Parrotfish poop

Giovanna Fasanelli | VOLUME 31, ISSUE 3

The fine sand on a tropical beach might be more than you bargained for …

You’re enjoying a romantic stroll along the fine, white sandy beach of your dream holiday resort, the glow of the setting sun bathing your smiling faces. Encountering a young child happily humming to itself while putting the finishing touches to a sandcastle, you remark upon the fine nature of the creation. The child responds nonchalantly: “Yes … fish poo makes a great building material!”

You’ve discovered the unromantic truth: most of the sand caressing your toes has been pooped out by parrotfish.

Parrotfish inhabit all shallow tropical and subtropical oceans of the world. To fishermen, they’re known for their tasty flesh and, to underwater divers and snorkelers, for their astounding colours.

Like cattle are to grassland, so are parrotfish to a reef. Any form of algae, or coral covered in algae – or anything that photosynthesises, for that matter – is in serious danger of becoming parrotfish food. As these voracious grazers move throughout the reef, they use their hardened, beak-like teeth to scrape algae off the substrate and, in doing so, collect layers and chunks of the reef itself.
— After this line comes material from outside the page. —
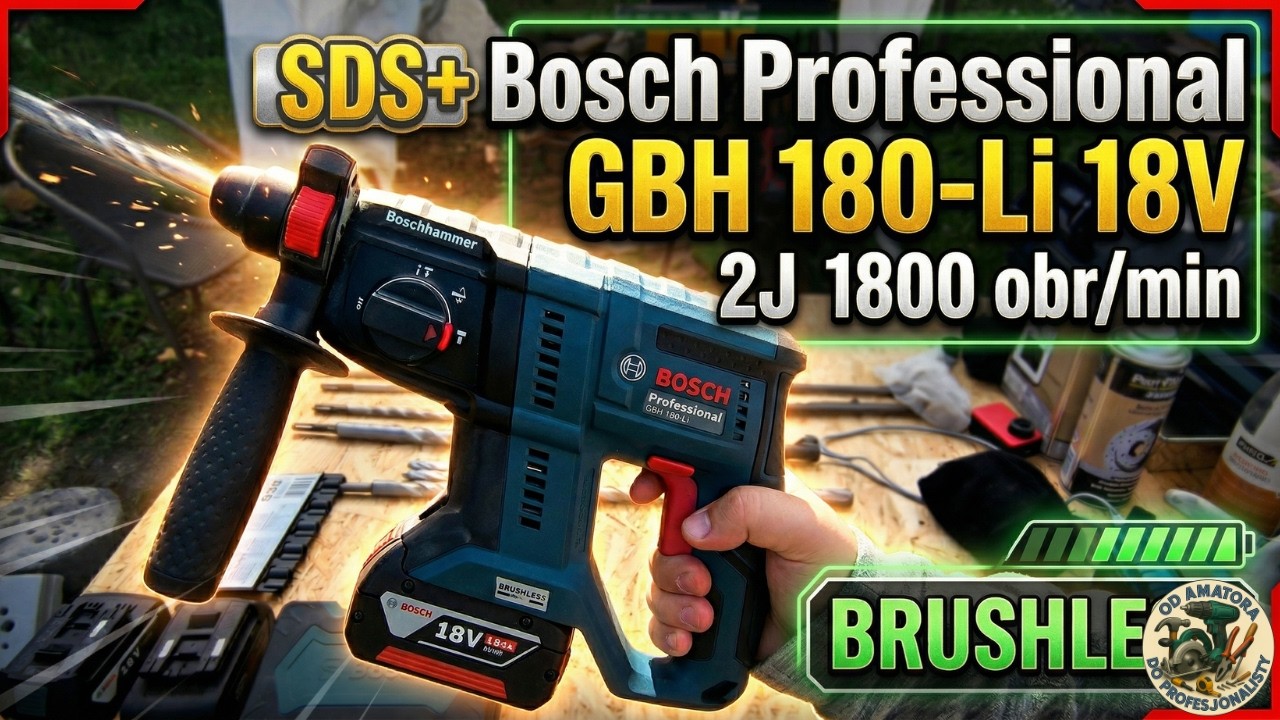 🆕 Test i recenzja: SDS+ Bosch Professional GBH 180-li 18v 2J 1800obr 4Ah 5Ah silnik Brushless BL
Once their pharyngeal mill (a special grinding apparatus in the throat) has suitably ground the hard calcium carbonate into cement-like ooze, it passes through the extensive digestive tract, which extracts the nutrient-rich, living material. Then the parrotfish releases the ‘cleaned’ reef powder into the water column – some of it makes its way, through incessant wave and wind action over time, onto your dream beach.

The bumphead, or humphead, parrotfish (Bolbometopon muricatum) is the ‘Big’ Bill Cavubati of the reef fish world. At 46kg and 1.3m length, it is the largest of the 80 or so species in the Scaridae family. Competing males can be seen smashing their scarred, bulbous heads together in showdowns of brute strength. Unfortunately, these huge fish are targeted by fishermen throughout their range in the Pacific and Indian Oceans, which makes finding them rather challenging. Protection within marine reserves has enabled impressive schools to form – a sight to behold and well worth seeking out as an underwater observer.

Usually, their presence is heard before it is seen, as the collective crunching sound of dozens of these heavyweight fish is very audible. Like a band of careless marauders, they move over the reef, smashing their heads into the substrate while biting, scraping and snapping off thumb-sized pieces of coral. When they excrete the remains, the clouds of crushed reef particles fall through the water column like spilt milk. It is estimated that an individual bumphead parrotfish can consume and excrete over five tons of coral each year. As such, they’re one of the reef’s most important agents of bioerosion.

Another unromantic truth about parrotfish is that they are classic models for sex change. A female can undergo a radical transformation, during which her gonads switch from featuring ovaries, to testes. She grows bigger, more muscular and, in many cases, ends up looking completely different … so much so that you may think she-turned-he was a different species altogether.

In many parrotfish societies, a large, flashy-looking male dominates a harem of females, but if something were to happen to him a female, or subordinate male, will undergo the necessary morphological changes to take his place.

So, with all this in mind … will those romantic, tropical beach strolls ever be the same again?